What to do = Print, with no pictures, the exact lines that run from the one containing "vibrant steam like" through the last line of the material below, both ends included.

Dataset excerpt =
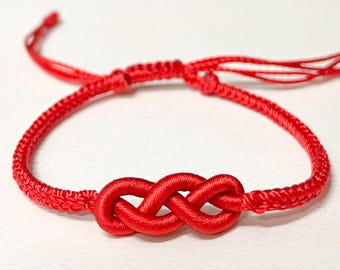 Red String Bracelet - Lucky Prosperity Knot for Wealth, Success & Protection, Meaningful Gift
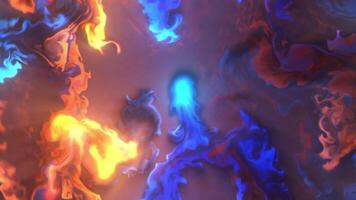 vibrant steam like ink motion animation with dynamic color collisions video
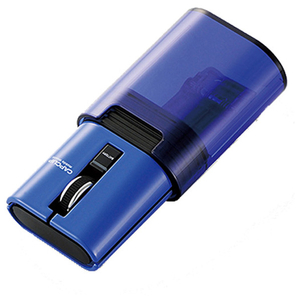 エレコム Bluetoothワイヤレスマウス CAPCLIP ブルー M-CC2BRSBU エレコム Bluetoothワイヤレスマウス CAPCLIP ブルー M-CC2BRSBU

Answer to this problem =
 vibrant steam like ink motion animation with dynamic color collisions video
 エレコム Bluetoothワイヤレスマウス CAPCLIP ブルー M-CC2BRSBU エレコム Bluetoothワイヤレスマウス CAPCLIP ブルー M-CC2BRSBU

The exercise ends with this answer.